My love story with oladyi began in early childhood when granny woke me with the smell of this treat. Extremely fluffy and tender, oladyi have always been one of my favorite breakfasts and snacks. Even today every weekend brunch includes oladyi in my house. Granny even makes them on an open fire when we arrange a picnic in the countryside. It's really not about the place and kitchen – all you need is a griddle and babushka’s proper batter recipe.
Ingredients:
- 250 ml kefir or plain yoghurt;
- 1 egg;
- about 160-180 g flour;
- 1 tablespoon sugar;
- 0.5 tablespoon baking soda;
- a pinch of salt;
- sunflower oil.
Cooking:
First, whisk an egg in a bowl withkefir or yoghurt. Oladyi batter also works perfectly with ryazhenka. All the ingredients must be room temperature. Then add sugar and salt, and mix everything.
Next, gradually sift flour with baking soda. It's important to add baking soda, not separately, but mixed with flour so that the batter reacts properly. Stir the mixture until smooth and silky. You should achieve a texture similar to thick sour cream.
Heat your griddle with sunflower oil. When hot enough, grease with butter using one heaped tablespoon per circle. Oladyi increase in size when frying, so leave free space between them on the pan.
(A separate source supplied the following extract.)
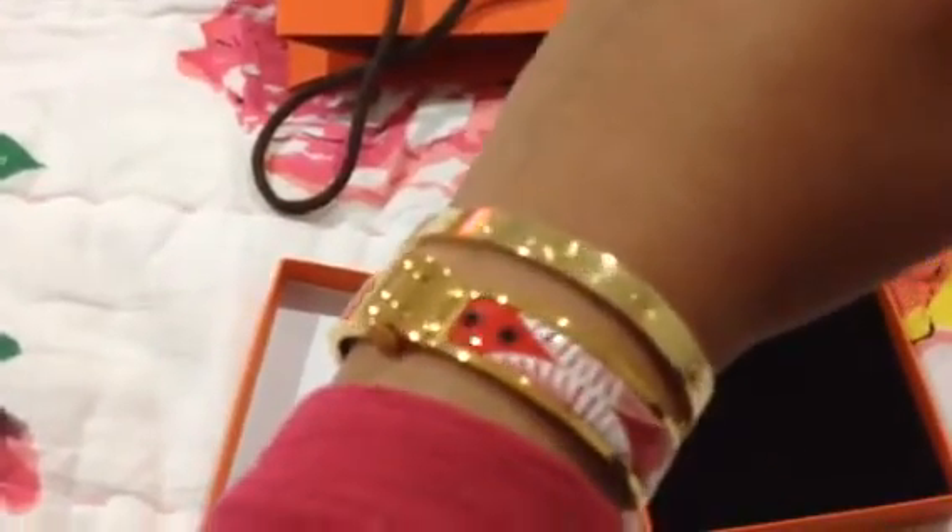Sorry about the camera — it's not focusing. I'm shooting on my iPhone. It's a really, really nice bracelet. I love the color and the print. It came in another color — black and white — and I think they make it in blue as well, but they didn't have that one in the Kuala Lumpur store.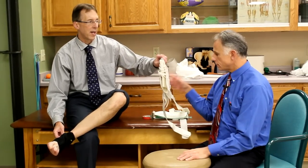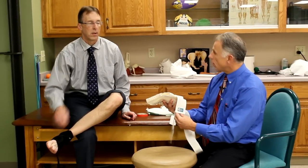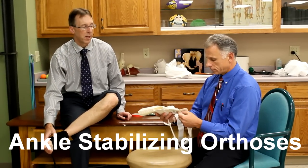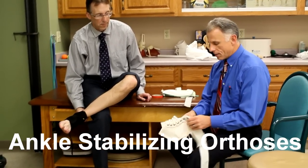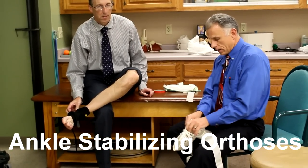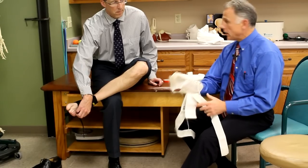This brace will help with proprioception. If you want to go back to sports and you have a grade two sprain — or even a grade one — you're going to use the ASO. I am a big believer in ASO; this is my personal ASO. ASO stands for Ankle Stabilizing Orthosis. They cost more, but they do the job. I was running in a wooded area, sprained my ankle, and wanted to get back to running competitively, so I bought an ASO. It's comfortable for running — no problem at all.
Cook on medium heat to avoid burning on the surface, as well as half-cooked inside. When oladyi are golden-brown on the bottom, flip over. Oladyi cook quickly so keep an eye on them.
Put the oladyi on paper towels to be rid of the excess oil. Serve with icing sugar, sour cream, jams, honey or sweet condensed milk, and enjoy your perfect breakfast or lunch. Priyatnogo appetita!